I’ve seen kids not picked in a team because the coach doesn’t want the baggage the parents bring with the child.

That’s unfair, you may think. My child shouldn’t be blamed for my behavior. Fair or unfair, the consequences of our actions create a burden and stress for a coach they’re just not willing to carry for another season. The coach that does give a child a chance will either want to avoid that pugnacious parent for the season or in the end regret they even took the child on again.

Here’s a solution for the parent that is known to ‘fire up’. (It’s not going to be enjoyable, and I hope you’re sitting down while reading this.)

Don’t say anything for a whole season: no criticism, no complaints, no standing up for fair play… a year of keeping those loose lips shut and that index finger locked up.

It will take a year of smiling and being a support. It will kill you.

We think our young athletes have to work hard to excel and enjoy their sport. Show them the example of what a person is like that really wants to have a positive impact.

Mom, Dad, does it matter? This is my tip if you still think it does and you’re about to enter into the uncomfortable world of speaking your mind. A mate once told me about a meeting he had with his boss around the board table with other managers of a large company. My mate spoke his mind and told the boss exactly what he thought of a person and a situation. He told the boss that he wore his heart on his sleeve and says it as it is. The boss took him aside after the meeting and said: it’s called maturity, learning to be discreet and showing self-control with what you say.

Now for the tip before you potentially blow it: call a friend. Call anyone who is not volatile and explosive. Yet, even a volatile and reactionary person can be calm and give stable advice. Call them before it’s too late.
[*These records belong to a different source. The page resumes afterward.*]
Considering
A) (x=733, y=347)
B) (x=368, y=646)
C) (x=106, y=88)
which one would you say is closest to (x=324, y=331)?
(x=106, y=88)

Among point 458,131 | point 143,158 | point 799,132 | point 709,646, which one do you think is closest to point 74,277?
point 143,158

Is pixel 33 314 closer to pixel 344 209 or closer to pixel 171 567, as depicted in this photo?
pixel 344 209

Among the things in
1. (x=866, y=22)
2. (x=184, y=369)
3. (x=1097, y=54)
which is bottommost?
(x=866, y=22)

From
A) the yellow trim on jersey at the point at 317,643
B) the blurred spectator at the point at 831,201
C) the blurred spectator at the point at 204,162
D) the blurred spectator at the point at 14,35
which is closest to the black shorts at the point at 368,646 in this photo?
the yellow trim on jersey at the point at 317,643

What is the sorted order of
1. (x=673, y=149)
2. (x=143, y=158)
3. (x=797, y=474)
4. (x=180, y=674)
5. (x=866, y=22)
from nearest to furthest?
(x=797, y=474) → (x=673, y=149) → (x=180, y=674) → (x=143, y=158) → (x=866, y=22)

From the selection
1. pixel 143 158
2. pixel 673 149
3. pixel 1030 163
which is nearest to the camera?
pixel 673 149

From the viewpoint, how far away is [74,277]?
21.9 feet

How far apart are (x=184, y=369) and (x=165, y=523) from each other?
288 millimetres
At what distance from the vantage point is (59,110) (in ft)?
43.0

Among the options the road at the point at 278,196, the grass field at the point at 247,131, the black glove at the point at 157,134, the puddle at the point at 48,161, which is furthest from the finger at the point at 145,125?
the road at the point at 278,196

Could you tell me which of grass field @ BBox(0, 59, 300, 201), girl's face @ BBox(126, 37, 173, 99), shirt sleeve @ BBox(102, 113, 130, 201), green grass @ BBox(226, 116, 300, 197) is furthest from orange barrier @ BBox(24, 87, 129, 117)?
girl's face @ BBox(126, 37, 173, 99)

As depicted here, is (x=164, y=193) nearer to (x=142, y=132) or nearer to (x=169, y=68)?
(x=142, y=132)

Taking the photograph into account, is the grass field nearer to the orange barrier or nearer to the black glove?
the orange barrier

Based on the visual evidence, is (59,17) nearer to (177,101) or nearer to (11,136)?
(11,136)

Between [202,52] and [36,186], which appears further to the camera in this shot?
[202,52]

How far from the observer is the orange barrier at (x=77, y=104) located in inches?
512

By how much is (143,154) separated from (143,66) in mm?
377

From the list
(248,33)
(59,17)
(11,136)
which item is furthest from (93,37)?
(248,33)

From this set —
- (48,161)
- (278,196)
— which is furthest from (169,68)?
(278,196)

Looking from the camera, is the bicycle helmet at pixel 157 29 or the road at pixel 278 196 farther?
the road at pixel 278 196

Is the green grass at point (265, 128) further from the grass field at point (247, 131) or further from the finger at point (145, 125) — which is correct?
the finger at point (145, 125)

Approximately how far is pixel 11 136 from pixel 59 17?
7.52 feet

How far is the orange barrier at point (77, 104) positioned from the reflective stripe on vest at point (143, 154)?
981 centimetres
Call them and tell them exactly how you’re feeling. You don’t need to see a counselor or psychologist; just call someone you know. They’ll give you balance. You want someone to hear you out. You want your feelings acknowledged. Run it by them. You won’t regret it.

Though it eventually doesn’t matter, it does matter right now and you need a sounding board. Firstly, to express everything you’re thinking, and secondly, to gain some balance to your one-sided view of the situation.
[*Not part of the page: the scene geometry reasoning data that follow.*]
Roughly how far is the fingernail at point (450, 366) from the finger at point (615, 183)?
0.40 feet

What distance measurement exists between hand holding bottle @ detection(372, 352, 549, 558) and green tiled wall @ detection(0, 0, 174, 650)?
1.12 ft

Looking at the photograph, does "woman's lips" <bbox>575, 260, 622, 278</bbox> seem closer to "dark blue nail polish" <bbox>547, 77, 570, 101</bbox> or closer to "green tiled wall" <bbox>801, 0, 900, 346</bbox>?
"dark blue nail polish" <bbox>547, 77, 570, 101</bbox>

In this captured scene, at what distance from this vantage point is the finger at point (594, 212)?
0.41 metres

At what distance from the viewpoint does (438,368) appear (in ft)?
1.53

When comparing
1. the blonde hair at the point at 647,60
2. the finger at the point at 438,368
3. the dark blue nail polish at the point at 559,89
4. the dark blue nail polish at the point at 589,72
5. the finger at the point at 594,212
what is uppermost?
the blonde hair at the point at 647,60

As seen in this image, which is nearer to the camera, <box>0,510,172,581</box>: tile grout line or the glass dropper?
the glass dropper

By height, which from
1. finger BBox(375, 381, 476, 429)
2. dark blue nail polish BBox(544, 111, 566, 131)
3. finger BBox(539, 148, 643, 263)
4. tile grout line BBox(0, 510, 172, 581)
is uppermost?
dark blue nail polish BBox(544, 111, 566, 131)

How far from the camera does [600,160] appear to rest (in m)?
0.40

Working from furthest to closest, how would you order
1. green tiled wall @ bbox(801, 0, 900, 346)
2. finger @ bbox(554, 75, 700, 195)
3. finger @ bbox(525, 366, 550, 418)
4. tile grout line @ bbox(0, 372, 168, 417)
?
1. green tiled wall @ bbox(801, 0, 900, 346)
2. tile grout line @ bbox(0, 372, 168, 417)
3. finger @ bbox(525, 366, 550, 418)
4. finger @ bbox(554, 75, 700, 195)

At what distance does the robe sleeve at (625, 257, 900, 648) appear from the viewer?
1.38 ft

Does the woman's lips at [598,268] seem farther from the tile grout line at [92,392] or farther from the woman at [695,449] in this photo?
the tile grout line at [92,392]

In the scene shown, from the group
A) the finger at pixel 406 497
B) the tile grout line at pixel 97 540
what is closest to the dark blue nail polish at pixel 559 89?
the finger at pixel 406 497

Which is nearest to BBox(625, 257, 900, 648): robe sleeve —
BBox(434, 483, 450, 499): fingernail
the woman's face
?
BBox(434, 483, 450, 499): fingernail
The father that rang me (from Part 1 of this series) was highly emotional and his perspective of the 3-2-1 maybe wayward but he kicked a goal when he off-loaded onto me and used me as a sounding board. It wasn’t his intention initially to gain any advice from talking to me, but wisdom prevailed on his part. He was calmer and happier for it.
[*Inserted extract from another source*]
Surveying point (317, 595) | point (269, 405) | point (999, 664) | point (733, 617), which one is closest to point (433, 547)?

Parents (and coaches), we all need sounding boards in our lives; someone to ask us questions and not just give us answers; someone who brings clarity to our situation because emotions cloud our perception.

Mom, Dad, if it does matter, there may be a need to make that difficult call to the coach, but be balanced beforehand and self-controlled while speaking. However, before you make that call or send that email or text, ask yourself, does this really matter to my child? As much as we desire acknowledgment and fairness for our kids, if it doesn’t matter to them, let it not matter to us.